Material for the task:

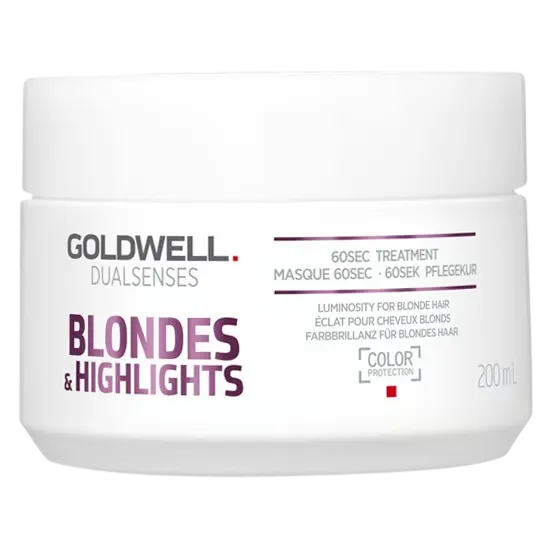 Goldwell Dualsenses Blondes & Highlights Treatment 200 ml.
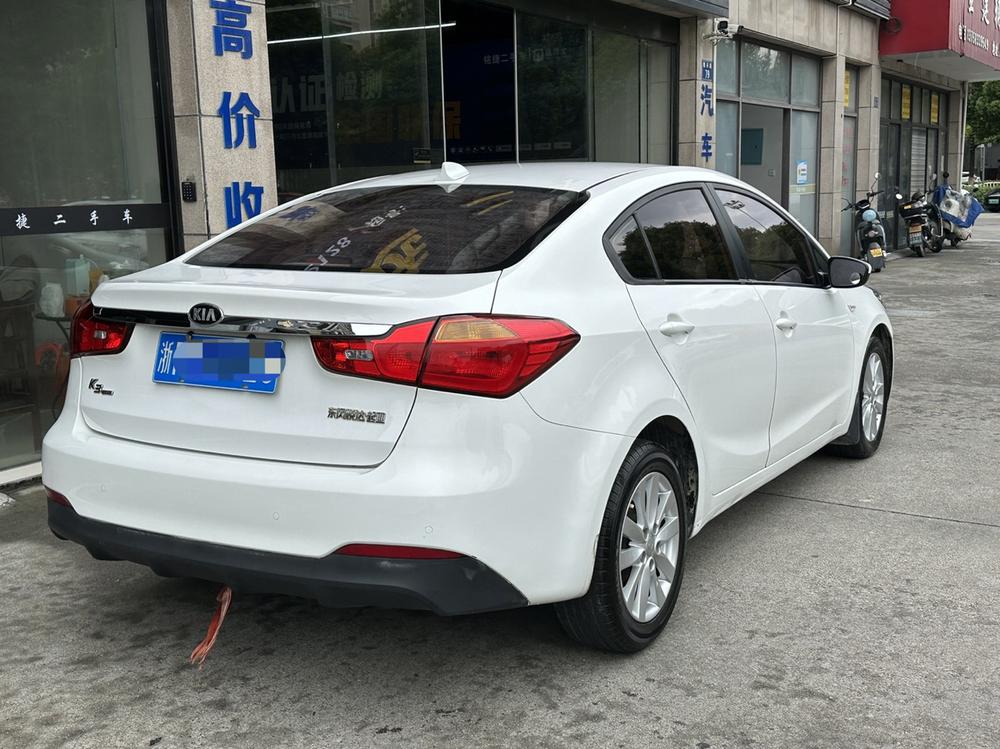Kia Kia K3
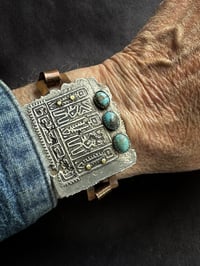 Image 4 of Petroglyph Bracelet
--
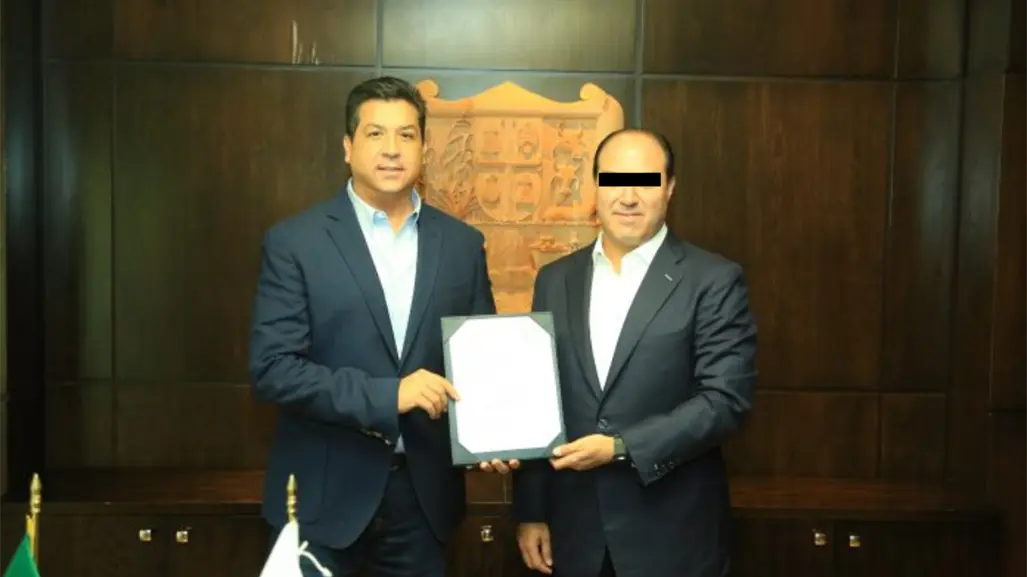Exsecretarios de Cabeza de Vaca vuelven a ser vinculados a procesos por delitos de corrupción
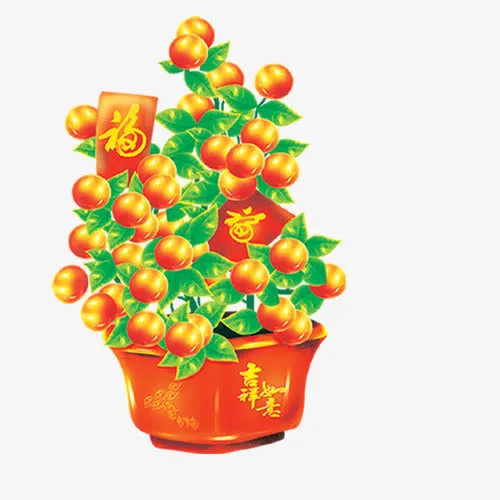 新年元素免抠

Problem to solve: Look through the material above. Transcribe exactly the lines between the ones with "Goldwell Dualsenses Blondes" and "Image 4 of Petroglyph Bracelet", inclusive, and keep pictures out.

Finished exercise:
 Goldwell Dualsenses Blondes & Highlights Treatment 200 ml.
Kia Kia K3
 Image 4 of Petroglyph Bracelet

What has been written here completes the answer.